This one HAS been mentioned, though I didn't see an answer... How do I create a light effect? Infuse Fire?

- Kemrain the Curious.


----------



## Verequus

Kemrain said:
			
		

> Is there a way to get Spell Resistance? I'm lookingto make an item that'd grant a Drow's racial abilities, but I have no way to do SR with the teaser. Is it even supported? Oh, and how would the roll work?



You have to use Abjure Force - many effects aren't detailed in the teaser, so I don't recommend to create spells using a work-around - simple because of the need of redesign with the proper effects.



> This may seem stupid, but, using a 0mp effect, with a Gen of 1, means it costs 1 MP and 1 cantrip, right?



You get a Cantrip effect probably with a duration of 10 minutes, as long the effect isn't instantious like the Evoke [Element]-lists. And you have to pay 1 MP because of the Gen 1.



> Using what I've read in this thread, I've been piecing together a Magic Item creation system for use in my current campaign (doubt anyone buy my GM would call it balanced, but..) and I've started to run into a slight problem. I'm looking to create effects that you don't have in your spells. Now, I've been finding spells that are 'close enough' that they fit, flavor-wise, but I was wondering if you had any suggestions on how to deal with this subject.



Like I mentioned above - wait for the end product, then most problems are gone. Except that the item creation rules aren't detailed in EoM, but in Lyceian Arcana, the next product in line. (Although the rules already exist, but no one saw them (fully) except playtesters, I suspect. The only two things are really known, are: 1. Price depends only from MPs. 2. Save DC depends only from MPs, not from caster level.)



> This one HAS been mentioned, though I didn't see an answer... How do I create a light effect? Infuse Fire?



No, through Create Light.

I hope, the answers are sufficient.


----------



## RangerWickett

Dude, you answered it for me!  That's so cool.

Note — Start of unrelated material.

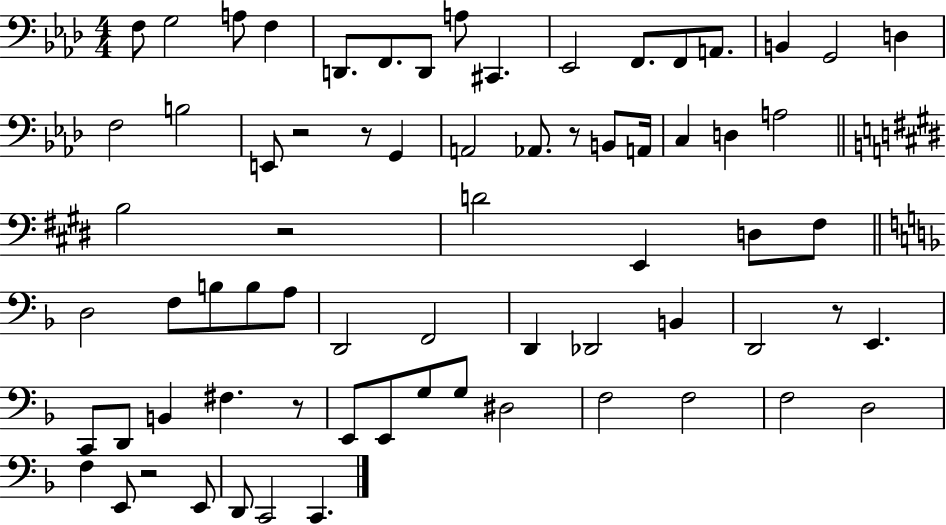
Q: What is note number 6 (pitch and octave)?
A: F2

But yes, to clarify one point, you only spend a cantrip usage if the total spell's cost is 0 MP.  If there's any other enhancements, its no longer really a cantrip, so you just spend the appropriate MP.

Can you give me some idea to what types of items you want to create?  I might be able to give answers.


----------



## Blue mage for hire2

So, how far are you on the release of EOM revised?


----------



## Kemrain

RangerWickett said:
			
		

> But yes, to clarify one point, you only spend a cantrip usage if the total spell's cost is 0 MP.  If there's any other enhancements, its no longer really a cantrip, so you just spend the appropriate MP.




Thank you! this has been bothering me for a few weeks now.



> Can you give me some idea to what types of items you want to create?  I might be able to give answers.




As I said in my earlier post, I'm looking for a magic item that will grant most all the racial abilities of a Drow, while leaving the wearer a member of their own race.  It was figured that, under the normal rules, it would cost appx 6k XP, so I figure it'll be a hefty item in any system.

Here's a list of the proposed effects, thus far:

+2 to Dexterity, +2 Saving throw bonus against enchantments effects, Darkvision 120', +2 to Will saves against spells or spell like abilities, Spell Resistance 11+ Character Level, Darkness at Will, Quickened Levitate at Will, and a tongues ability with Drow and Undercommon.
(Drow spell like abilities are a little different in my campaign, so there are the changes.)

I was also looking at having a pair of swords enchanted with Wind Effects.

Looking to cobble together 1d6 Wind damage, +4 to disarm attempts, and +2 to Ac against physical missiles due to a wind effect.  When dual wielded, I want them to function as swords of apeed (one extra attack on full attack), a +4 bonus to AC against physical missiles and a +2 bonus to AC against physical melee attacks due to wind effects, and a +2 bonus to Reflex saves.  A very unique pair of blades, with very unique abilities.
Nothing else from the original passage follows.